GARDEN ROUTE NEWS - During the past 46 years the name Kenny Africa has became synonymous with all things traffic. Motorists and media alike know the provincial traffic chief for his hands-on approach to road safety. That is however drawing to a close, as retirement waits in a few weeks' time at the end of July.
"I always wanted to make a difference in people's lives," says Africa.
The chief's early years were far from easy. He was born the youngest of 11 children on the small Moravian mission station Genadendal in the Overberg. When he was two years old his father died and his mother worked very hard to provide the best education possible for her children.
In 1974 at the age of 18, the young man applied to the Department of Transport to become a traffic officer. After finishing his training at the college in Ottery, he was deployed to the Worcester provincial traffic station.
After six months he wanted to call it a day because of the difficult circumstances caused by apartheid. A fellow coloured officer convinced him to stay, but after another six months he decided to quit. "This same officer, my friend, officer Cupido, tore up my resignation letter and told me to stay because I would become provincial traffic chief one day."
Africa then decided to change tactics and raised his personal bar for achievement. Instead of writing the usual 30 tickets per month, he wrote 300; instead of one arrest per month, he effected 15. He also worked more than 120 voluntary overtime hours per month and this did not go unnoticed. After a year he became the first coloured traffic officer to receive a merit promotion award. In 1976 he was also the first coloured officer to be promoted to a senior rank.
In April 2010, Africa became chief director of provincial traffic - a position he has filled with pride and diligence ever since. He received numerous awards for outstanding service over the years and has become known for his zero tolerance stance towards anybody endangering the lives of other road users.
Since 1997 when he first became the Western Cape's spokesperson on traffic matters, Africa developed an outstanding rapport with the media. "I have communicated almost daily with the 196 members of the media on my WhatsApp group," he says.

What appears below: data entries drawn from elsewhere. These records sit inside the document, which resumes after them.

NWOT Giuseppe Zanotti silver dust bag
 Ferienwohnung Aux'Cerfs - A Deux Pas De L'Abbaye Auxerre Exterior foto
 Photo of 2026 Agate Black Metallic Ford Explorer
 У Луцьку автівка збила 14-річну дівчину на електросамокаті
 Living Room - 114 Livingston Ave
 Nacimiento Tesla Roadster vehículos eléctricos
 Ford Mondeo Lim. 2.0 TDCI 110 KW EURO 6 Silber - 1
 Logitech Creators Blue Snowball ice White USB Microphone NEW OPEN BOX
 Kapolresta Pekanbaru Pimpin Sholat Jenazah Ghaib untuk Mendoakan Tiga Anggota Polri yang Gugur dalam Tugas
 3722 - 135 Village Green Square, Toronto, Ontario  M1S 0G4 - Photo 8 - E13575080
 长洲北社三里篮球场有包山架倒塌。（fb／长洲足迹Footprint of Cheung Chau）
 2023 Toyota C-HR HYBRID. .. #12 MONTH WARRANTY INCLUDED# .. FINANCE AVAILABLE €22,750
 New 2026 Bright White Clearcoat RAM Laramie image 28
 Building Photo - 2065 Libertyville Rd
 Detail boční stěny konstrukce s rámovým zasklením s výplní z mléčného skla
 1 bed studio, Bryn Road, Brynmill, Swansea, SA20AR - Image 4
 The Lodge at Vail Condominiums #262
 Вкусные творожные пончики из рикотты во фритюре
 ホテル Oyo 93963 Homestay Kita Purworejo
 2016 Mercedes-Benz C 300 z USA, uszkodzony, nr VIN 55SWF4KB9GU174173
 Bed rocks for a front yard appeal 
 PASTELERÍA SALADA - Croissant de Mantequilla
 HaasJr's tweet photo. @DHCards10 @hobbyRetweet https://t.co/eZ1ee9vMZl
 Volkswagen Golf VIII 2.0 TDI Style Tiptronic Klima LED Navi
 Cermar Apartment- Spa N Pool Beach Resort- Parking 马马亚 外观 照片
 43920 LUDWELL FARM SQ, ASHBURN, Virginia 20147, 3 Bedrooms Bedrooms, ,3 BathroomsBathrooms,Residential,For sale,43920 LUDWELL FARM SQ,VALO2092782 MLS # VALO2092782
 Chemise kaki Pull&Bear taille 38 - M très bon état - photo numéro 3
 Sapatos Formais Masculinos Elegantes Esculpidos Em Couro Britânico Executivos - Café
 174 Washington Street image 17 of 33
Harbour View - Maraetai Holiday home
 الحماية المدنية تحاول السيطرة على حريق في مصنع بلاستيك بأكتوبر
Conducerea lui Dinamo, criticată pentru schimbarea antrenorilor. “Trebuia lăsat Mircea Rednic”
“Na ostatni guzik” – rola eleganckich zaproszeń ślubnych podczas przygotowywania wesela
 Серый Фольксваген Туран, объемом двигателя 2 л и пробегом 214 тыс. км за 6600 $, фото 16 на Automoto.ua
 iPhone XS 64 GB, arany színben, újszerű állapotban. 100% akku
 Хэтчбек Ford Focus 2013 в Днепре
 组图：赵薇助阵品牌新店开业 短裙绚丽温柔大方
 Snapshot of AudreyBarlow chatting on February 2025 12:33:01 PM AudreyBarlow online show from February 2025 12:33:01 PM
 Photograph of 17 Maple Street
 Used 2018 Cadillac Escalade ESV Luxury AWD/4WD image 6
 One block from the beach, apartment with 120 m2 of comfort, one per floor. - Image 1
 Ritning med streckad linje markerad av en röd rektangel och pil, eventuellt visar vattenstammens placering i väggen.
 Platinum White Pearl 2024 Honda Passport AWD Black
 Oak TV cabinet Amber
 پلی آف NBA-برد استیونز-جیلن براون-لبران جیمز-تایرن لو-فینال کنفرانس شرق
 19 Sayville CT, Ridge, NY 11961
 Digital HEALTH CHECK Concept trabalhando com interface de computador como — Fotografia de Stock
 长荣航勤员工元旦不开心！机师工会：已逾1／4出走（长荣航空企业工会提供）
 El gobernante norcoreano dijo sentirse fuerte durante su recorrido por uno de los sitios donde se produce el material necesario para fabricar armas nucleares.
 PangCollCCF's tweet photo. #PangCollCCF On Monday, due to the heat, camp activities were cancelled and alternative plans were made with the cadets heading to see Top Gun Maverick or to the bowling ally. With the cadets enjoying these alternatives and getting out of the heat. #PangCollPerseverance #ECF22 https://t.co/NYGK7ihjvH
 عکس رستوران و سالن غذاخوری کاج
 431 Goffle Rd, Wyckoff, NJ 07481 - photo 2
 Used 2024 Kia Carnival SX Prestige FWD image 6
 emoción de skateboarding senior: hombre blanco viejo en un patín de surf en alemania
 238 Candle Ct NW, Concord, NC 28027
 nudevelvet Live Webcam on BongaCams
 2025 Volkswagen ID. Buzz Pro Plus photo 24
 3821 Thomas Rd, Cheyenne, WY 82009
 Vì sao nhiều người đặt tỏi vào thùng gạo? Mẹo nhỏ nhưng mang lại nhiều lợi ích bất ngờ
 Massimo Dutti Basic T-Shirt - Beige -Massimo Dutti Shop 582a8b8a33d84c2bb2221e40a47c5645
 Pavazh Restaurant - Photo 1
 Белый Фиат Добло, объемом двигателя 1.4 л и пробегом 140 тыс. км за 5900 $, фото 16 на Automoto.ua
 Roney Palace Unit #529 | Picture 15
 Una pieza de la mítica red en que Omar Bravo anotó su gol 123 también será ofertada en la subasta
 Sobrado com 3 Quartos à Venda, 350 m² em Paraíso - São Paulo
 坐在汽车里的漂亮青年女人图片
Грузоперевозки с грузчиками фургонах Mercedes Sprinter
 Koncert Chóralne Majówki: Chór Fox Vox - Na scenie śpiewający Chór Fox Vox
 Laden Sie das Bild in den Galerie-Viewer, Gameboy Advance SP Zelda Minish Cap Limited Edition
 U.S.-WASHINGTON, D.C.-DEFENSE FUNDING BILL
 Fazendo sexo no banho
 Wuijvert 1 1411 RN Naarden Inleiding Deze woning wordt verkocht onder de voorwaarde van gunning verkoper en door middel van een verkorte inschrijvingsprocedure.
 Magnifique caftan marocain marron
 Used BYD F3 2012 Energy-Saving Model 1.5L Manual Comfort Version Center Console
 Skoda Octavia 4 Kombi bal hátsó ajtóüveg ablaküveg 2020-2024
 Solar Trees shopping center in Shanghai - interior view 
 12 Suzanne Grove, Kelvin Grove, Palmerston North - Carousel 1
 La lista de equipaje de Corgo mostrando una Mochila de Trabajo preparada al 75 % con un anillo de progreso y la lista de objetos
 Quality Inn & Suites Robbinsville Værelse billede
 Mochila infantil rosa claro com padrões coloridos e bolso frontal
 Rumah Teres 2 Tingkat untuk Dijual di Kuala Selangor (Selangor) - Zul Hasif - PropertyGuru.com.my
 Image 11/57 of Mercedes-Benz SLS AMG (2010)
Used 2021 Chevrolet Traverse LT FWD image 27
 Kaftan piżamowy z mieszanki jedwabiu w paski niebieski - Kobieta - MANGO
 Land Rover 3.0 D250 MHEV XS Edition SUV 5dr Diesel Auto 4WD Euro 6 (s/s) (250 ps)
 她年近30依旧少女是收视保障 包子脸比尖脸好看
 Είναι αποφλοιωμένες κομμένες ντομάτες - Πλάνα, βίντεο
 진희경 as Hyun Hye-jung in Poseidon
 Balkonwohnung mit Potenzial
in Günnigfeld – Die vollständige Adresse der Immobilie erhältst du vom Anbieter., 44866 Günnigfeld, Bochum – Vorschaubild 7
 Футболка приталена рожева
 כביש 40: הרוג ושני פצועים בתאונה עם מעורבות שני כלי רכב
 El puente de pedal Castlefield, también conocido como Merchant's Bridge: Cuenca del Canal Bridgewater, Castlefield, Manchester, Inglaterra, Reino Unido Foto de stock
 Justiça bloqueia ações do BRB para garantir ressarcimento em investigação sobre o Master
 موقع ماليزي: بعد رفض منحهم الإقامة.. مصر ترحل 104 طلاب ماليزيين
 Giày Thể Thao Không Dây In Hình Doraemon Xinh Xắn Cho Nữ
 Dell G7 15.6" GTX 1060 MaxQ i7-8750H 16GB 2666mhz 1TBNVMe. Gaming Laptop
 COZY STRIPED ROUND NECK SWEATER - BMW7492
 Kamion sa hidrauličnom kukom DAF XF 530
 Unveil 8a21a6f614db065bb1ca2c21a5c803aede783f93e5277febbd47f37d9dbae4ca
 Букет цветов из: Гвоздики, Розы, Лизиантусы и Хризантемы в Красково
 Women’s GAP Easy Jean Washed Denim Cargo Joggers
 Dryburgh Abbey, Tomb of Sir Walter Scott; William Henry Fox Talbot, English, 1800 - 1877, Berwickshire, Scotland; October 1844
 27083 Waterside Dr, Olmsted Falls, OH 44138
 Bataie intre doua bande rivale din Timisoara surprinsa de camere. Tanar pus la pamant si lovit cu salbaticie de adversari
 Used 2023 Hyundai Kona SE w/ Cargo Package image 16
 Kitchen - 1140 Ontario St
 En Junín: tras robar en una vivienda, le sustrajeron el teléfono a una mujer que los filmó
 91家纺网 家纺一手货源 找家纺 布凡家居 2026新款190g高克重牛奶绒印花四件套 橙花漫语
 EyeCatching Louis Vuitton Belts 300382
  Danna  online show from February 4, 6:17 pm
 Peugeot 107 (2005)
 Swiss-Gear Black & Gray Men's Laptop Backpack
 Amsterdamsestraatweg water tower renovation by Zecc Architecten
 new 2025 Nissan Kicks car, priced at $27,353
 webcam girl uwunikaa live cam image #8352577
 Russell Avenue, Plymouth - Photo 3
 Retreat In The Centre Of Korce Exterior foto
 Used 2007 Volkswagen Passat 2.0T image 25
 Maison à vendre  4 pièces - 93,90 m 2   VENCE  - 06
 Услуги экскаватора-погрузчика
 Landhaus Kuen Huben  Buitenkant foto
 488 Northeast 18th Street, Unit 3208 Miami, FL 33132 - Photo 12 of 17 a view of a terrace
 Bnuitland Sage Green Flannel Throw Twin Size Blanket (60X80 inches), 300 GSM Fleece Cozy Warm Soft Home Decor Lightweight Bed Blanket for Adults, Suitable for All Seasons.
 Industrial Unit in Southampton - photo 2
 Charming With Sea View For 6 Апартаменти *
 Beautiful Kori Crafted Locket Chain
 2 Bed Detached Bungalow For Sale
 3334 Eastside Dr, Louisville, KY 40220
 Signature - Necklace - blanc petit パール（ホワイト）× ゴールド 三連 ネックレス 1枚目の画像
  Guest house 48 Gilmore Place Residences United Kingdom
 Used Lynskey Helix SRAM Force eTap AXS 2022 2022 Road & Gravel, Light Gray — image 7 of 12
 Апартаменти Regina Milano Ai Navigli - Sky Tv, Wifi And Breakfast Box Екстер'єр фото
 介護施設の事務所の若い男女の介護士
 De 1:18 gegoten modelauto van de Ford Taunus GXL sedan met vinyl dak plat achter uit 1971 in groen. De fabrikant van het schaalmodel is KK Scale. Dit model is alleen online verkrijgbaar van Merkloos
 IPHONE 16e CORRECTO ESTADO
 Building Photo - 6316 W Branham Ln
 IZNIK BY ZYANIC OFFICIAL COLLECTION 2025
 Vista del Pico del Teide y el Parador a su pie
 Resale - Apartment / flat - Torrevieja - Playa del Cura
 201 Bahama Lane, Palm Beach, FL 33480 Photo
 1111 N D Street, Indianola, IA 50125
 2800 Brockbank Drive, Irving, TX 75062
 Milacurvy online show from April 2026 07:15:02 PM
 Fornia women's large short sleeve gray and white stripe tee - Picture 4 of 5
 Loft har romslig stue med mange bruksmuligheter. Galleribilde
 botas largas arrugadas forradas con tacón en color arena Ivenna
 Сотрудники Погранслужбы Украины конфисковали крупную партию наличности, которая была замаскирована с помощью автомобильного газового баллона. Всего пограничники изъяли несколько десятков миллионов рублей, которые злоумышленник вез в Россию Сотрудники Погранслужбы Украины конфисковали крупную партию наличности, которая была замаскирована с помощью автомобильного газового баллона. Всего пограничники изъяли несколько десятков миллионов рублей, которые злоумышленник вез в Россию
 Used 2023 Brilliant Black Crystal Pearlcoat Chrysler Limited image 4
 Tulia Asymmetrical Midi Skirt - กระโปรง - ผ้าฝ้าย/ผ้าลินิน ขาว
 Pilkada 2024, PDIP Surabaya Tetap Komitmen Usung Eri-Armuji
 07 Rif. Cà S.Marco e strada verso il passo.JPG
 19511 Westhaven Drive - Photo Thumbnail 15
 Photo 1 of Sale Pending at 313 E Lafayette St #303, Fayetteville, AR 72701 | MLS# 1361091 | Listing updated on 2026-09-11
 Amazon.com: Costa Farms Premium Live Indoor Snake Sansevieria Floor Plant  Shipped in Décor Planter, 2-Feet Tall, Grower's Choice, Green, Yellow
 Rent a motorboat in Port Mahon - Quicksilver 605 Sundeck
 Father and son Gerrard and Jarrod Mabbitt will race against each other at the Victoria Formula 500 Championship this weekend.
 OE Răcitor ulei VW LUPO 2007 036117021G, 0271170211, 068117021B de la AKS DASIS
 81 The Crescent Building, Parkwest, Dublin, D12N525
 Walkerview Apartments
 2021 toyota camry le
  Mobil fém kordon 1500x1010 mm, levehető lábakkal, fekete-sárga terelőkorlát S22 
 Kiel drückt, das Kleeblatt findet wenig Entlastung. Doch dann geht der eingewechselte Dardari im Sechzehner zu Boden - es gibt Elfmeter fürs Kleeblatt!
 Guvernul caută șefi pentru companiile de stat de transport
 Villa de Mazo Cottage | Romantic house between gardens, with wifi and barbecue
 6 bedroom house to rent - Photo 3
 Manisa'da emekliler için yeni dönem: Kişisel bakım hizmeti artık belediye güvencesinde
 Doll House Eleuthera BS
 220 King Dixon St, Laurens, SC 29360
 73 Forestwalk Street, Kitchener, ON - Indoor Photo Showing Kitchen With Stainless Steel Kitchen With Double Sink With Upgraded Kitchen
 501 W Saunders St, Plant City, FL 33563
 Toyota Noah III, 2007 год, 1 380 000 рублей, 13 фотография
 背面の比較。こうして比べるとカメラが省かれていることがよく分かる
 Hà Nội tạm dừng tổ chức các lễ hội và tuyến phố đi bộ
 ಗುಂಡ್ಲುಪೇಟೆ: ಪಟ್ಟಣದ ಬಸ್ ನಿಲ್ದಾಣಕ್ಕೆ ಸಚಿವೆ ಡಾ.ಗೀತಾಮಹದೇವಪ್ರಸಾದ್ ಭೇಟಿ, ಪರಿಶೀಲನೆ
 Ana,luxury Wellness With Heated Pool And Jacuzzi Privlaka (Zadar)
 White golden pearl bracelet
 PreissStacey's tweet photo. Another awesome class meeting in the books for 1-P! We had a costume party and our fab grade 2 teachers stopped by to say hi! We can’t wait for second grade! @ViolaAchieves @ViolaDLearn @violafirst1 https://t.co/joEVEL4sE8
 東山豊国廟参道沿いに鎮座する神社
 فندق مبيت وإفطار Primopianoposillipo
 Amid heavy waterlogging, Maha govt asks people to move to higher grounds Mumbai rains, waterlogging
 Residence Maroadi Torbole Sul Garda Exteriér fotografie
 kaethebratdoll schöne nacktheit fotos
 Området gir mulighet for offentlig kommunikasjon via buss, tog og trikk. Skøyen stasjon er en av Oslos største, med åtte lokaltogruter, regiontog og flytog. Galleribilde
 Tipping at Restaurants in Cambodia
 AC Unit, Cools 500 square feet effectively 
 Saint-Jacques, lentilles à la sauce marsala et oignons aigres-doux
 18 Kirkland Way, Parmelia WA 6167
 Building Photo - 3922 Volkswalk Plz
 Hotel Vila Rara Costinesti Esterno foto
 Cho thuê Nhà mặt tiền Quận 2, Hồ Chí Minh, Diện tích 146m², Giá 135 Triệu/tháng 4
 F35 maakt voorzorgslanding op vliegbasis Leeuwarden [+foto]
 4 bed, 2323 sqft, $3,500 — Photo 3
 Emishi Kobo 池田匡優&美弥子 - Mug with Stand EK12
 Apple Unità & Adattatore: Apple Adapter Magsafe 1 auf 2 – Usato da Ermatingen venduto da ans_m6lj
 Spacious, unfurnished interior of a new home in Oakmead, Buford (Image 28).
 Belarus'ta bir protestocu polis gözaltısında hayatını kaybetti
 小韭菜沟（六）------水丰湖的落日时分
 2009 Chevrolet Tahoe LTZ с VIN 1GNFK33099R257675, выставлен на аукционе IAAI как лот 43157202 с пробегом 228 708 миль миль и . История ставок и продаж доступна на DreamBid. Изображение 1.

He married Trudy, a school teacher from De Doorns, in the late 70's and the couple has three children. Their eldest son was killed in a car accident in 2001. His daughter lectures at Stellenbosch University and his younger son is in the police service. They also have three grandchildren whom Africa absolutely adores. "If they want it, you buy it. They just know how to tweak you," he smiles.
If he could give new traffic officers some advice, he says he would tell them to thank the Lord for the opportunity to serve. "Stay motivated and always be willing to go the extra mile; someone's life may depend on it."
Asked about plans for the future, he would only divulge that he's definitely not going to disappear: "A possible political career may follow, to improve the lives of all citizens in the Western Cape."